I actually liked Mr. Breast-weight's class best of the three because
we made stuff. Specifically stick bridges and a metal box for putting
stuff in. The stick bridge was made of some short pre-cut square
sticks that we were supposed to glue onto a template and then in the
next class period after they were dry we would put them on a press
and the teacher would smash them and see how much they could hold
before they broke. It was awesome. I was really intent on building
the best bridge in the class and obsessed over design and the build
to make sure I would win the non existent contest. He had taught us
that triangles would provide the best strength which would have been
true if there were variations in the load a span or joint strength
issues. I pointed out to him that in a strait oppositional span-less
compressive load that a perfectly vertical column would be stronger.
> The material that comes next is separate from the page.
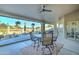 Covered outdoor patio with a seating area overlooking the pool and surrounding area at 1414 E Amberwood Dr, Phoenix, AZ 85048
He disagreed with me even when I offered to diagram it on the board
for him. The class couldn't have cared less they just wanted to glue
their sticks to a template. I was frustrated that he didn't want to
know the right answer. It still frustrates me when people do not want
to know the right answer. I am constantly amazed that people just are
not curious and don't care about vital issues like the best shape for
a stick bridge and the theory behind it. I decided to prove him wrong
so he would have to listen and then be sorry and change his ways. I
glued four sticks in a square column and then glued four sticks for a
base and four for a top and knew that my 12 stick solution was going
to dominate the 24 stick triangle girder solutions in the non
existent competition when they were all dry the next day. We were
going alphabetically so I was about middle of the pack and I was
getting nervous because some of the weak looking template replication
bridges were holding 4-500 pounds before they would break. It came to
my turn and I brought mine up and it looked insubstantial compared to
every other bridge because it was more compact. Mr. Breast-weight
popped it in and said something about how we were going to see if I
was smarter then the people who design bridges. I would have been mad
about that because the people who design bridges would have built
something very similar to my idea because we were not bridging
anything but I was to nervous about possibly failing to even get my
feel-bads hurt. He put it in and loved the plate down and started
cranking the jack as I watched the force gauge. 500 lbs , easy. 1000
lbs , c'mon just getting warm. At 1500 I think the teacher was
starting to get nervous about the blow back that would take out an
eye when this thing popped. 2000 lbs and the gauge ran out of numbers
he asked me if we should keep trying until it broke or if I wanted to
save my design. I was all for breaking it so see how much smarter
then people who build bridges were. Well, at least smarter then what
my teacher thought people who build bridges thought. He cranked the
jack once more and we were off the scale. Once more and it was pegged
once more and nothing changed. Once more and the 4000 lb jack stopped
working because it was at its limit. I didn't try not to gloat when
he let off the pressure and handed me back my slightly crumpled but
basically no worse for the wear ersatz bridge. I wanted to brag but
the teacher just said I cheated by not building it in a bridge shape
like the template and none of the kids in class gave the slightest of
craps that I won the imaginary competition that no one was having
except for me. I started building another of the same design but in a
line like the bridge template only more sturdy and set in by to dry
to prove once and for all that I was right about the design. The
problem was that when mine was dry the next class period Mr.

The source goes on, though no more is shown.